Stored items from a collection
______

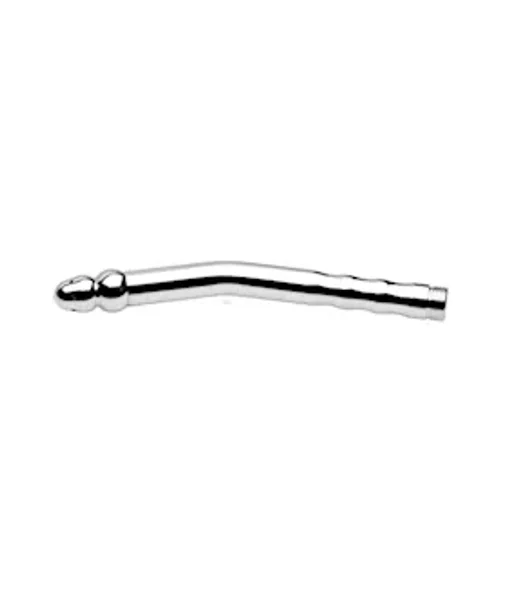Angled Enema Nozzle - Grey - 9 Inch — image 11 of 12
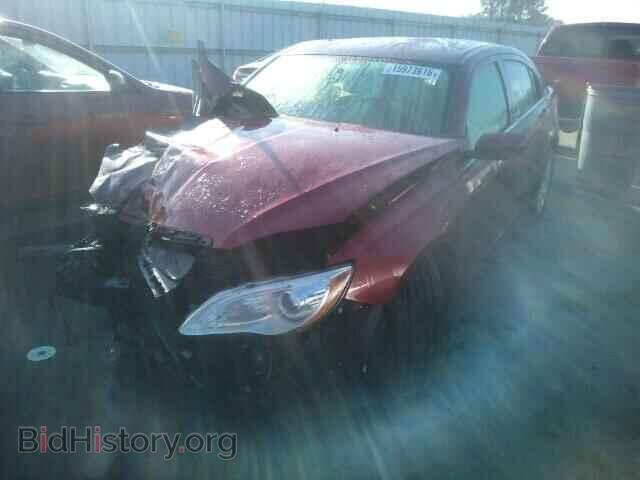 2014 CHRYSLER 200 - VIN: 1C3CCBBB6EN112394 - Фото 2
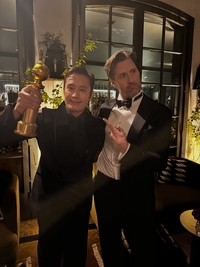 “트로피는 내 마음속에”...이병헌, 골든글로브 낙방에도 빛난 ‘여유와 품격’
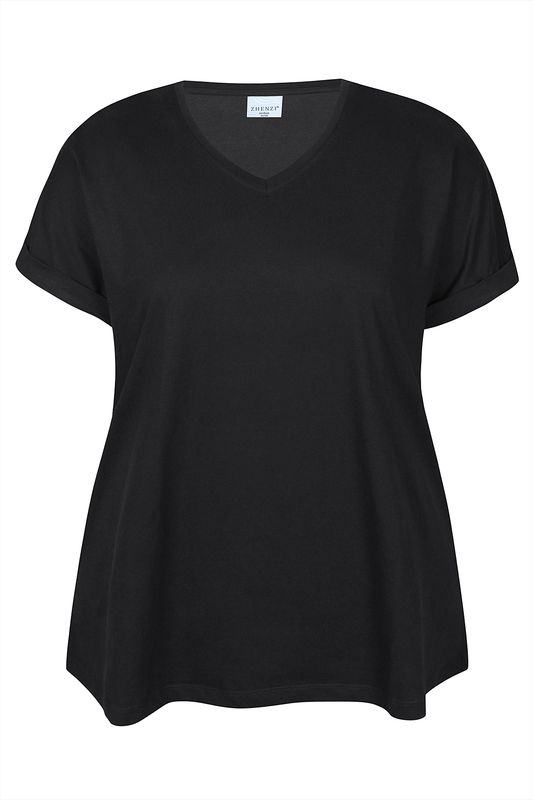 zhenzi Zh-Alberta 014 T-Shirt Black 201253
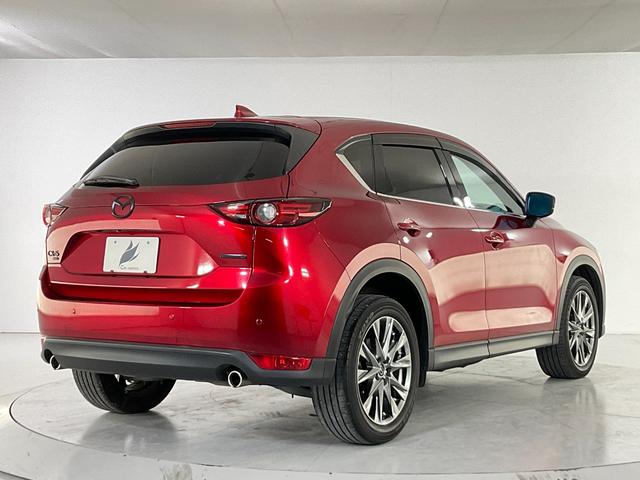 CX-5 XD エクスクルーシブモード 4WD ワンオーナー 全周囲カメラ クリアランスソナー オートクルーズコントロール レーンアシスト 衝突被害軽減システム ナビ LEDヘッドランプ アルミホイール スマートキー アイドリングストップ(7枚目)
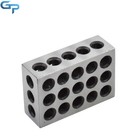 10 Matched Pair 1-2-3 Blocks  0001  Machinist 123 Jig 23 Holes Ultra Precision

______

__Action item__. What is needed is an exact restatement of every line from the one containing "zhenzi Zh-Alberta 014 T-Shirt Black 201253" through the last line of the records, pictures left out.

__Answer space__.
 zhenzi Zh-Alberta 014 T-Shirt Black 201253
 CX-5 XD エクスクルーシブモード 4WD ワンオーナー 全周囲カメラ クリアランスソナー オートクルーズコントロール レーンアシスト 衝突被害軽減システム ナビ LEDヘッドランプ アルミホイール スマートキー アイドリングストップ(7枚目)
 10 Matched Pair 1-2-3 Blocks  0001  Machinist 123 Jig 23 Holes Ultra Precision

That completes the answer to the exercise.